Data section start

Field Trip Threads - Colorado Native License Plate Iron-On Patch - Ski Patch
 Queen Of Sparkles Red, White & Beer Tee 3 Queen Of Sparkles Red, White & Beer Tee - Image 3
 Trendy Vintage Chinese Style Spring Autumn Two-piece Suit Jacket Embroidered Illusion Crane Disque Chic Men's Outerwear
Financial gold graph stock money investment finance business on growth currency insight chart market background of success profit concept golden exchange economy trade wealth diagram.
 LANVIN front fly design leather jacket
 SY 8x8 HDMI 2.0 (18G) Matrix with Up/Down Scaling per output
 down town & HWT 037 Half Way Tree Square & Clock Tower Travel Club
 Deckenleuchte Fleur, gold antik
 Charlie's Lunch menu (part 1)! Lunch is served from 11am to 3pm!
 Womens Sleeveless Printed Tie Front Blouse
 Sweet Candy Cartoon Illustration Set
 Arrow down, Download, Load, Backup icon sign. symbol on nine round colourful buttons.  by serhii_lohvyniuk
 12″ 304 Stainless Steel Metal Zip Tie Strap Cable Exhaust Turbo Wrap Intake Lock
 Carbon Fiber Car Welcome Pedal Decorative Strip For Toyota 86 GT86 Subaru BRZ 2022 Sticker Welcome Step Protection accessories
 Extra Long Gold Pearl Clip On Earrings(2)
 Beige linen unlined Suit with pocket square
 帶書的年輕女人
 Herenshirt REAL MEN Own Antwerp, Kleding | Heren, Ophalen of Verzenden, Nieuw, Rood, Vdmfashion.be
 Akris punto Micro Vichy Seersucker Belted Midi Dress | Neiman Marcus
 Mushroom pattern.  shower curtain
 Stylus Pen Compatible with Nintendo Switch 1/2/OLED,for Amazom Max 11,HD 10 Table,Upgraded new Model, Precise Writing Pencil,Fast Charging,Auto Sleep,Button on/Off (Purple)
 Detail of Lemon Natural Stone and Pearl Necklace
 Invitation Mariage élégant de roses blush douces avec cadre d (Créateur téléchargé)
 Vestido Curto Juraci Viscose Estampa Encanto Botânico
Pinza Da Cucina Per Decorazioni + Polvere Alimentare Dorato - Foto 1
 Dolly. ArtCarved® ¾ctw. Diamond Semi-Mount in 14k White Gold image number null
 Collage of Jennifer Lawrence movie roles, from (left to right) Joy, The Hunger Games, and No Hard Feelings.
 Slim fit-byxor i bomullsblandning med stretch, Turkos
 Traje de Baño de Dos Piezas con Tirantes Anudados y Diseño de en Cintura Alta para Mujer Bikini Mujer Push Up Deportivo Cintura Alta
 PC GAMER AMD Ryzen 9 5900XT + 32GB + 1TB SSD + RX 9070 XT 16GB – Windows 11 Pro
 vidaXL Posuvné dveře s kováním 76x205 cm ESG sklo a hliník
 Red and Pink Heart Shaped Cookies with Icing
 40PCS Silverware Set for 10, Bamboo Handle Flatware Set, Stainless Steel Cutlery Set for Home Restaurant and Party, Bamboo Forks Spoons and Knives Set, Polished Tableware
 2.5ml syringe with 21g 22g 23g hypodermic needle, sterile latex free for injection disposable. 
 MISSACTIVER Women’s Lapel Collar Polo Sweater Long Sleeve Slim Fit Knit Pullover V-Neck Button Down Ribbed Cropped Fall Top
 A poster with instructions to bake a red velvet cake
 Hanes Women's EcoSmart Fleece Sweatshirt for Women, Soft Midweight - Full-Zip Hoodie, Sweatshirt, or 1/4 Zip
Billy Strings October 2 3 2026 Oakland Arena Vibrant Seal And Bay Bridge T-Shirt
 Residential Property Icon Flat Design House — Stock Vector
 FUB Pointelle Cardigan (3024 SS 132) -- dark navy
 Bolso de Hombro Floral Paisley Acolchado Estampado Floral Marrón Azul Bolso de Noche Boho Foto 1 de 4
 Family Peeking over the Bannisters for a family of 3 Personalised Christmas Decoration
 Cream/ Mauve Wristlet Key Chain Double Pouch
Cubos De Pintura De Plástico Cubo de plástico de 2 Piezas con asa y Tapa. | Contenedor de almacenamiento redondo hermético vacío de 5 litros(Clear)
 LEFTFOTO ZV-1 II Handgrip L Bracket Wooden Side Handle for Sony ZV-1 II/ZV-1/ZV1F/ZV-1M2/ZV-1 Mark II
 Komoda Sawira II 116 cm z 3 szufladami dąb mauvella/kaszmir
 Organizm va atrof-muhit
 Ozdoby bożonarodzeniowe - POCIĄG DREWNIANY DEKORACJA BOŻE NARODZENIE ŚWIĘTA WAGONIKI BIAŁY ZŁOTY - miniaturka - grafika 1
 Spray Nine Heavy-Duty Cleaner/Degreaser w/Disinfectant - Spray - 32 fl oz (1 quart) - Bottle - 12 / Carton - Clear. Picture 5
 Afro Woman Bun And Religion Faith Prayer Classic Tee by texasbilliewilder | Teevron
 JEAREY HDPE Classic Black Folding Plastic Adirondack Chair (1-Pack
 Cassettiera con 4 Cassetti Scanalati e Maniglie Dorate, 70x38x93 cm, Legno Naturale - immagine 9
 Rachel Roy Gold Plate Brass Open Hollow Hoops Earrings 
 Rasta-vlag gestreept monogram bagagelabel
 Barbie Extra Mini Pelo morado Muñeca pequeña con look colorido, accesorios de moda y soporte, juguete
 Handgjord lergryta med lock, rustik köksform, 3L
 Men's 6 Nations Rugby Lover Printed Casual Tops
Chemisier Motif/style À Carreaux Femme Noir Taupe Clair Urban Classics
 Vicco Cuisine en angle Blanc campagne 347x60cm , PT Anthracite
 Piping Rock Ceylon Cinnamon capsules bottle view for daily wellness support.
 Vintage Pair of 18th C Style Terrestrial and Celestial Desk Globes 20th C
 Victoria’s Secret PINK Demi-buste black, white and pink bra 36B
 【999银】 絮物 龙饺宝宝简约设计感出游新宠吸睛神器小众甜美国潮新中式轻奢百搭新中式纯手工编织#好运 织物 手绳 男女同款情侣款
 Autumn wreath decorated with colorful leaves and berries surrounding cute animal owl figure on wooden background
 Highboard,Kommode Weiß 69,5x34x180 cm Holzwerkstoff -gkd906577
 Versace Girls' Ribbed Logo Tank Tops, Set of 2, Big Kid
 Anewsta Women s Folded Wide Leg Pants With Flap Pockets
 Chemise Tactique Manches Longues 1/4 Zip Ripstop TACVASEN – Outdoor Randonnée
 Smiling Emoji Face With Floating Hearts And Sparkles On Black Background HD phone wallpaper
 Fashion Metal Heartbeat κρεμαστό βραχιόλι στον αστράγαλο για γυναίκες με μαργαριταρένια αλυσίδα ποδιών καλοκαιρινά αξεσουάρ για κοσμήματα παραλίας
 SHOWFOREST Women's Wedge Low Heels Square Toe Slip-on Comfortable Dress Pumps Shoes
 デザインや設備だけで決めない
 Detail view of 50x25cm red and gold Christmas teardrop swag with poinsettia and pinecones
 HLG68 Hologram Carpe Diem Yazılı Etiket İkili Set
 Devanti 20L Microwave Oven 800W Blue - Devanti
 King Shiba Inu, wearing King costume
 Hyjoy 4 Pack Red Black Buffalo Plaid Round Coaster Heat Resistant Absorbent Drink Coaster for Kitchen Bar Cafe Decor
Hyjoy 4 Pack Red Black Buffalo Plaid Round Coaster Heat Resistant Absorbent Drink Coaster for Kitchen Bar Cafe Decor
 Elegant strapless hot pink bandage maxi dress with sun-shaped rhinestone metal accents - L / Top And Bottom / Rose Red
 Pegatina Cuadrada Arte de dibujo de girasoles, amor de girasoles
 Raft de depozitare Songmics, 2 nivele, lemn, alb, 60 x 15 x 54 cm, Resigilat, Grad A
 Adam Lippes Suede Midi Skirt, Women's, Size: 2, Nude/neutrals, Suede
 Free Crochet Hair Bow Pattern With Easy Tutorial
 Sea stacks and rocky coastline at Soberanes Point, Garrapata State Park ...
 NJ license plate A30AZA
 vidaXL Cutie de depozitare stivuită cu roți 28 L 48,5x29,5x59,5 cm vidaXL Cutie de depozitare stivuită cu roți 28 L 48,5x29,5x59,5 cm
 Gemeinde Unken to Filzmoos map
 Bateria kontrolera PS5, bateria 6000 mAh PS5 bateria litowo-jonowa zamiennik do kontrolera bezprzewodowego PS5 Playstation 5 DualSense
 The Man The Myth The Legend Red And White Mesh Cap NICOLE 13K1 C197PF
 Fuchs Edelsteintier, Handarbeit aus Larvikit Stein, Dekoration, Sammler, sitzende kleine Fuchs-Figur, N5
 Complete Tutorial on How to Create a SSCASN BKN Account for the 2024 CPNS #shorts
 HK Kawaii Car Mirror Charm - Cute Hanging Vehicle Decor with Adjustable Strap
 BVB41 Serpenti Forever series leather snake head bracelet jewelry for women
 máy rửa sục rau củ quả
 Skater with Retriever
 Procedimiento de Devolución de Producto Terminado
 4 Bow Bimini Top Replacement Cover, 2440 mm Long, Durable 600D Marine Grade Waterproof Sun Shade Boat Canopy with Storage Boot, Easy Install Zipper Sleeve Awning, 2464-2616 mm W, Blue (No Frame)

Data section end

The lines to retype run from the start of the entries through the line containing "Charlie's Lunch menu"; reproduce them exactly and add nothing.

**Task answer:**
Field Trip Threads - Colorado Native License Plate Iron-On Patch - Ski Patch
 Queen Of Sparkles Red, White & Beer Tee 3 Queen Of Sparkles Red, White & Beer Tee - Image 3
 Trendy Vintage Chinese Style Spring Autumn Two-piece Suit Jacket Embroidered Illusion Crane Disque Chic Men's Outerwear
Financial gold graph stock money investment finance business on growth currency insight chart market background of success profit concept golden exchange economy trade wealth diagram.
 LANVIN front fly design leather jacket
 SY 8x8 HDMI 2.0 (18G) Matrix with Up/Down Scaling per output
 down town & HWT 037 Half Way Tree Square & Clock Tower Travel Club
 Deckenleuchte Fleur, gold antik
 Charlie's Lunch menu (part 1)! Lunch is served from 11am to 3pm!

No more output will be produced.